I'd like the entire listing output verbatim, apart from the pictures.

§ **Source data**:
= = = = = = =

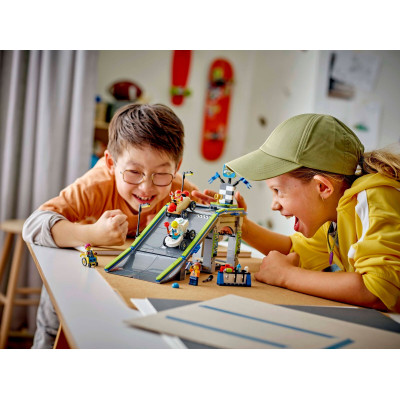 Конструктор LEGO City Никаких ограничений: Автодром для гоночных автомобилей (60460) Винница - изображение 10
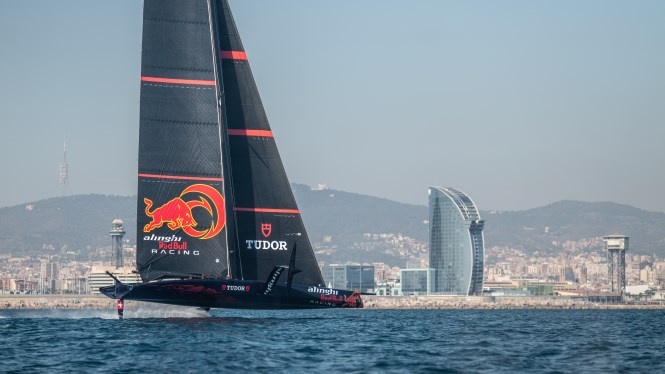 Alinghi Red Bull Racing training on BoatZero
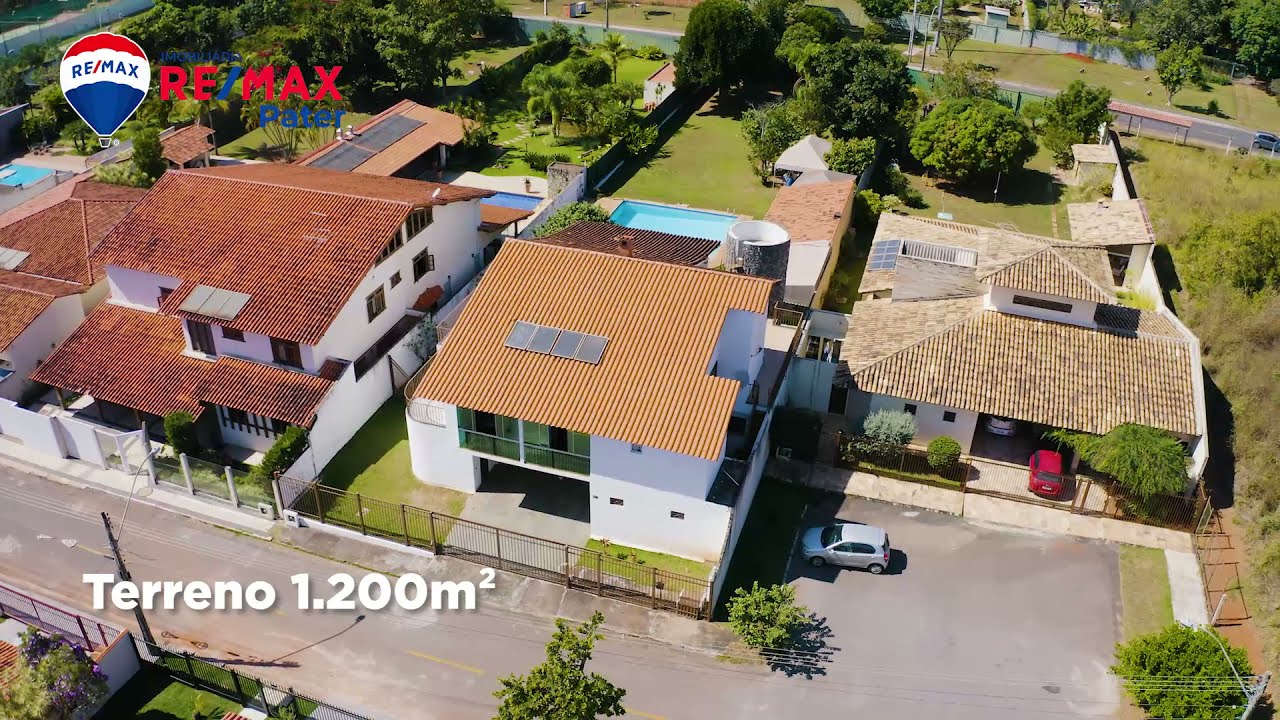 Excelente CASA a venda 9 QUARTOS, 4 Suítes no LAGO NORTE QI9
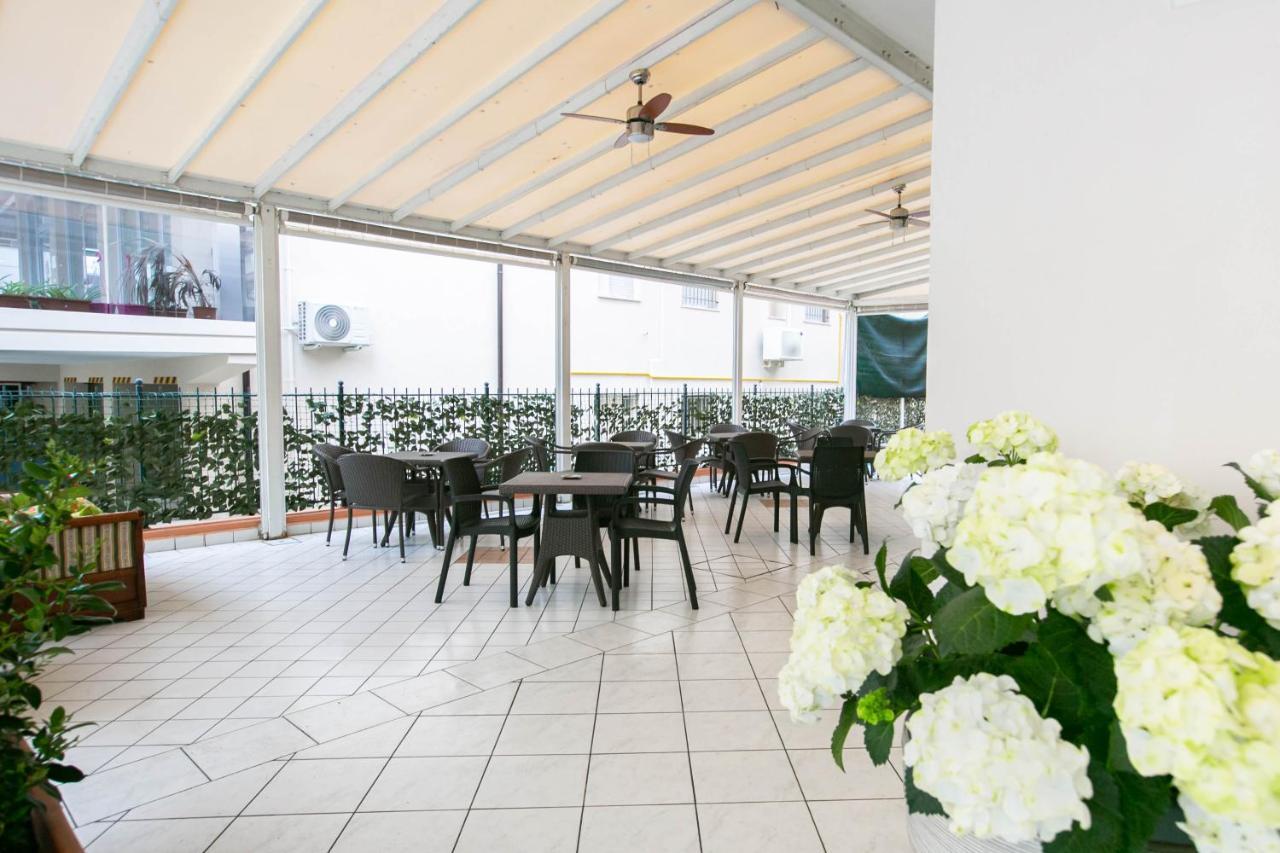 Hotel Valparaiso Ρίμινι Εξωτερικό φωτογραφία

= = = = = = =

§ **Solution to this problem**:
 Конструктор LEGO City Никаких ограничений: Автодром для гоночных автомобилей (60460) Винница - изображение 10
 Alinghi Red Bull Racing training on BoatZero
 Excelente CASA a venda 9 QUARTOS, 4 Suítes no LAGO NORTE QI9
 Hotel Valparaiso Ρίμινι Εξωτερικό φωτογραφία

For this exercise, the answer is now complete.